The new dataset dedicated to measure machine intelligence is called Abstraction and Reasoning Corpus (ARC):

At first, I thought that this benchmark was lacking temporal data. Brains are learning with continuous sensory data streams, so we need those kind of data to compare human and artificial intelligence. This was the reason why Numenta created the NAB benchmark.

But after considering it, the kind of intelligence measured in this benchmark is a high-level abstract abitility, like the one measured in IQ tests. This is the targeted kind of intelligence when we talk about machine intelligence.

I consider the prediction of temporal data streams while making sensorimotor interactions as a needed intermediate step towards machine intelligence, but not directly as intelligence. This is the current focus of Numenta with HTM.

When this intermediate step will be reached, the next step will be to detach the symbols from the sensorimotor interactions they were grounded on, in order to make more abstract reasoning by playing directly with the symbols. The following paper was enlightening for me:

Extract from The symbol detachment problem, by Giovanni Pezzulo & Cristiano Castelfranchi, 2007:
Intelligence in strict sense (not in a trivially broad sense where just it means efficiency, adaptiveness of the behavior, like in insects) is […] the capacity to build a mental representation of the problem, and to work on it (e.g. reasoning), solving the problem ‘mentally’, that is working on the internal representation, which is necessarily at least in part detached since the agent has to modify something, to simulate, to imagine something which is not already there. Perhaps, on the mental ‘map’ the agent will act just by trials and errors, but it will not do so in its external behavior

Still a long road before us!


Wow, that is a long paper! I want to read it, but it is going to take me awhile.

1 Like

Chollet suggests relating system priors to the human priors of “Core Knowledge”, i.e, what basically amounts to the Gestalt psychology-like principles generally captured by IQ tests. Around these principles, he has developed a machine-friendly IQ test, the Abstraction and Reasoning Corpus. Alongside the notion of priors he introduces some termninology such as skill-acquisition and curriculum and formally grounds this in algorithmic information theory in order to arrive at a (perhaps tentative) defintiion and measure of intelligence. This is all to serve as a guiding lantern, not a final word.

This paper is, if nothing else, a good survey on the history of artificial intelligence.


Just finished reading this, I am really intrigued by it. My main takeaways are that:

  1. The machine learning community overwhelming favors optimizing ‘the wrong thing’: that optimizing for maximal skill in a particular task (e.g. chess, go, DOTA2, etc) is fundamentally orthogonal to producing intelligent learning systems.
  2. Building human-level intelligence likely involves building systems with the same four priors that humans possess.

I’m curious if others have thoughts on the paper – it seems to be a rather powerful statement about the state of AI research in 2019 and a gentle call towards course correction.
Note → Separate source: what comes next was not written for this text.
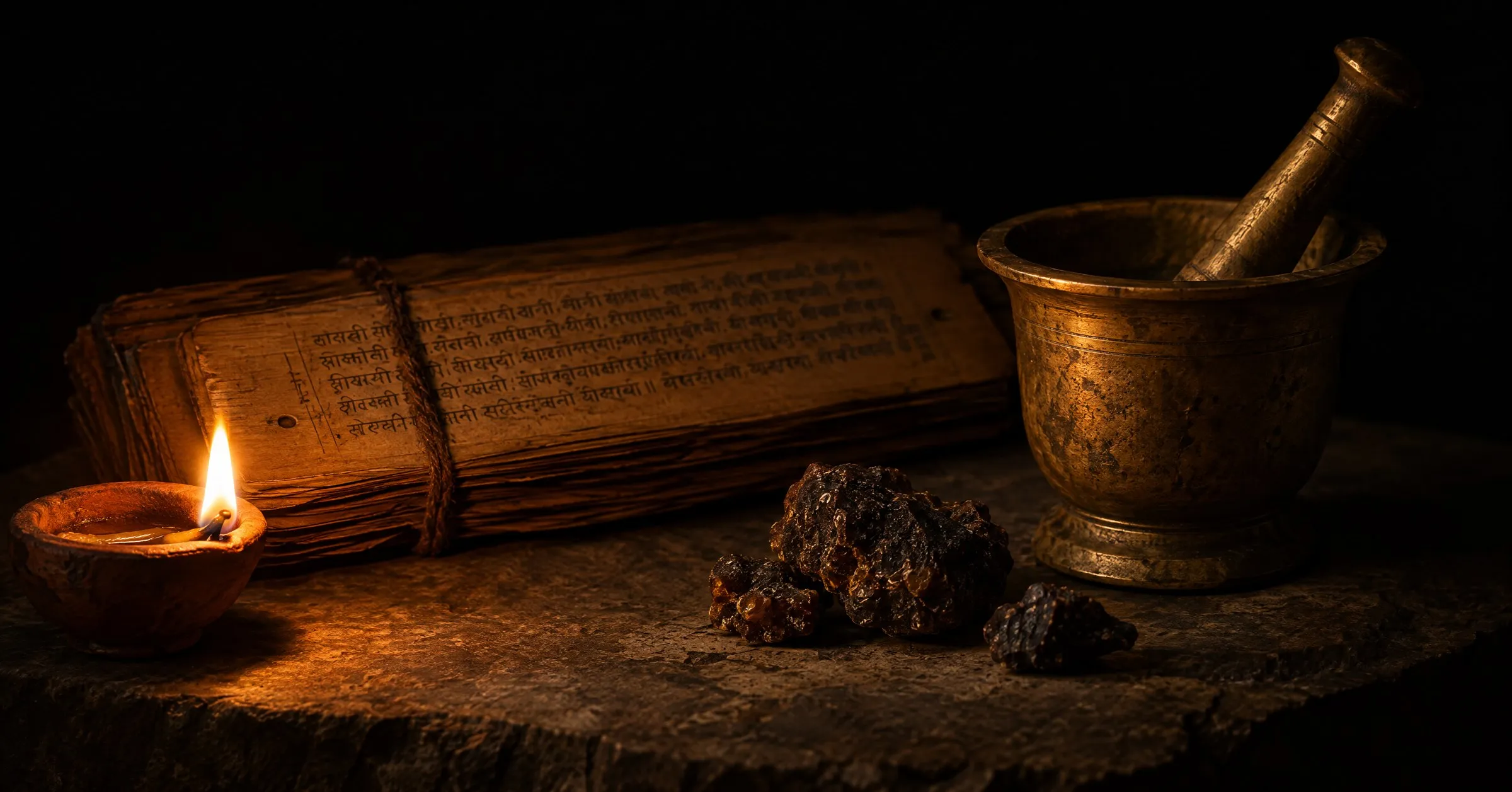 An old palm-leaf manuscript, brass mortar and raw resin by oil-lamp light
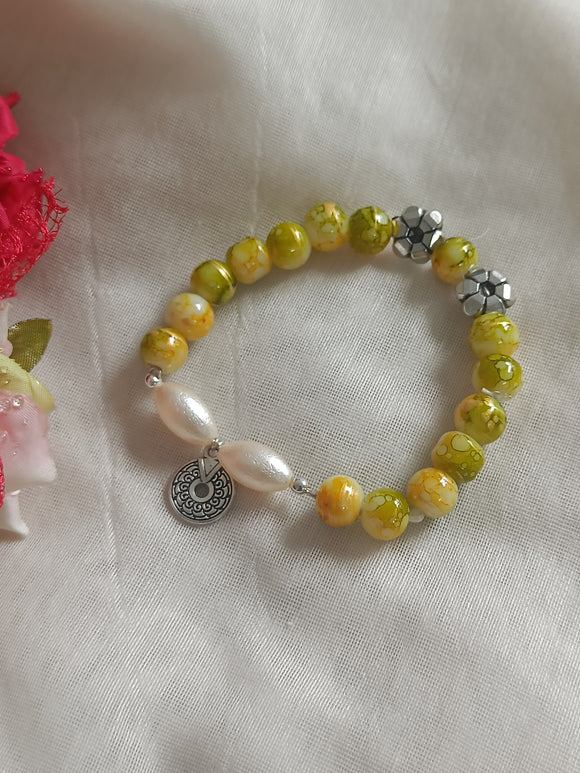 Yellow Marble Beads Bracelet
While the paper authors set a very ambitious task, to measure and compare intelligence, it is very constrained in what it actually does. The tasks proposed are a small sampling of the types of things the brain does with a spotlight on what may well end up being “second order” effects of the brain.
Much of what humans do are expressed in part or in whole in dogs, cats, cetacea, and corvids yet they would not be able to do any of these tasks. Non-human primates may be able to do some of them but I think that the resulting score would end up being far lower than it should be.

I am not sure that what is measured is all there is to intelligence.


I agree with Mark that the suggested benchmark is a small sampling of the types of things the brain does, and that it lacks much of what humans and animals both do.

But considering this sampling as “second order” effects of the brain depends on the point of view. On my side, I consider that these “second order” effects are more mysterious, more complex to generate and differentiate us from the other animals. As such, I think they are good proxies to evaluate a human-like cognition (I try not to use the term intelligence because there is no shared definition, and I know that it is the same for the term cognition :wink: ).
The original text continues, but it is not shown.